Detecting hybridization between willow grouse (Lagopus lagopus) and rock ptarmigan (L. muta) in Central Sweden through Bayesian admixture analyses and mtDNA screening

Quintela, Maria; Thulin, Carl-Gustaf; Hoglund, Jacob


Willow grouse (L. lagopus) and rock ptarmigan (L. muta) are sibling species with similar phenotypic and life histories that coexist sympatrically in wide areas of their distribution range. These grouse are amongst the most popular game birds in Scandinavia but contrary to other quarry species, no restocking with captive-bred animals has ever been performed.
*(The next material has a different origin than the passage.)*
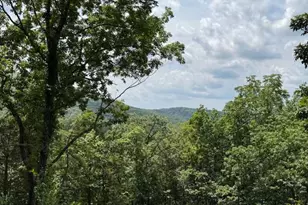 357 Pleasant Valley Dr, Lost City, WV 26810 - Photo 8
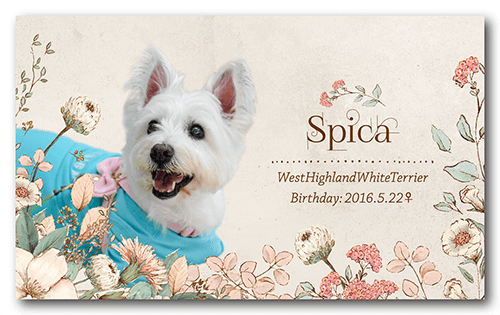 長方形ペット名刺の表面画像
The discovery of two individuals with intermediate plumage features evoked the question of possible hybridization events between both species, an idea that did not seem too unlikely on the basis of habitat overlap. Thus, to assess whether any genetic exchange is occurring, we used different Bayesian-based admixture analyses of multilocus genotypes determined at twelve microsatellite loci. We also obtained mitochondrial COI-sequences from a selected number of individuals to infer the maternal geneflow and potential introgression. The capacity of our panel of microsatellite markers to detect hybridization was verified using assignments of simulated genotypes. We then evaluated the extent of hybridization in an actual sample of 111 individuals collected in a 100-km(2) area in the Scandinavian mountain range. An admixed condition was verified in one of the suspected hybrids, that seemed to carry a L. muta genotype with partial L. lagopus introgression. In addition, more than 4% of L. lagopus showed signs of hybridization under the most conservative scenario with respect to discrepancies between population assignment methods. This was unexpected, given that no L. lagopus displayed any apparent intermediate plumage features. Furthermore, interspecific geneflow of mtDNA haplotypes was lower than expected; which suggests that Haldane's rule might apply for these two grouse species. Hence, plumage identification of hybrid ancestry is not always reliable and might lead to biases in the estimation of hybridization rates. Hybridisation may be expected to increase if the climate gets warmer as the habitat overlap between the species will become more extensive. We discuss whether hybridisation is a threat to the long-term survival of any of the two species.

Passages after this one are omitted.